Glaxo Names Goldman Banker Dingemans as Finance Chief as Witty Seeks Deals
Dingemans, 47, leads Goldman’s European mergers business and has more than 25 years of investment banking experience, London-based Glaxo said in a statement today. He will become CFO-designate Jan. 4 and replace Julian Heslop, 57, as chief financial officer when he retires at the end of March, the company said.
“Simon’s appointment as CFO reflects the need for GSK to operate with both creativity and continued financial discipline,” Glaxo Chief Executive Officer Andrew Witty said in the statement. “Simon will bring valuable experience and capability to support us in our strategy to grow and diversify GSK’s business through organic means and bolt-on acquisitions.”
Glaxo has done 24 acquisitions and joint ventures since Witty became CEO in May 2008 in an effort to replace revenue that will be lost to rival generic treatments, according to Bloomberg data. The biggest was the $2.9 billion purchase of Stiefel Laboratories Inc., a closely held U.S. drugmaker, in July 2009. Glaxo is expanding in emerging markets and consumer products.
Dingemans was named a Goldman partner in 2000, the same year in which he advised Vodafone Plc on its $175 billion hostile takeover of Mannesmann AG in 2000. Christopher Gent, who was CEO of Vodafone at the time, is Glaxo’s chairman. Dingemans last year helped Glaxo create ViiV Healthcare, a venture with Pfizer Inc. to develop drugs for HIV. New York-based Goldman doesn’t immediately plan to replace Dingemans in his current role, a spokeswoman in London said.
“Witty has said he doesn’t believe in megamergers and I don’t think a new CFO who just happens to have been a banker is going to change this at all,” said Dominic Valder, an analyst at Evolution Securities Ltd. in London, in a telephone interview.
“Joining a global company as CFO is something I have been keen to do as a next career step for some time,” Dingemans said in a separate e-mailed statement today. “GSK is a company that I have worked closely with for many years.”

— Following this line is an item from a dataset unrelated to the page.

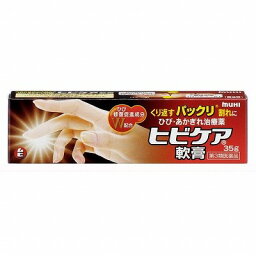 【第3類医薬品】池田模範堂 ヒビケア軟膏a 35g「メール便送料無料(B)」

Dingemans also will be responsible for delivering cost savings from Glaxo’s global restructuring program and further simplifying the company’s operations, Witty said.
“We do not see this appointment as presaging a change in M&A strategy nor the generally tough financial approach that has underpinned the deals GSK has done and those in which we assume it has chosen not to participate,” Kevin Wilson, an analyst at Citigroup Global Markets in London, wrote in a note to clients.
Dingemans is at least the third Goldman banker to become an executive of a European company in the past year. Jonathan Symonds, a managing director in London, joined Novartis AG of Basel, Switzerland, in September 2009 and now is CFO. John Lindfors, who previously headed European technology investment banking for Goldman, in June become a partner at Digital Sky Technologies, the Russian investment company that owns stakes in Facebook Inc., Groupon Inc. and Zynga Game Network Inc.
Heslop joined Glaxo’s predecessor company in 1998 and became CFO in 2005. “His integrity, diligence, and outstanding technical ability have ensured that GSK has remained financially strong during a period of significant economic turmoil,” Witty said.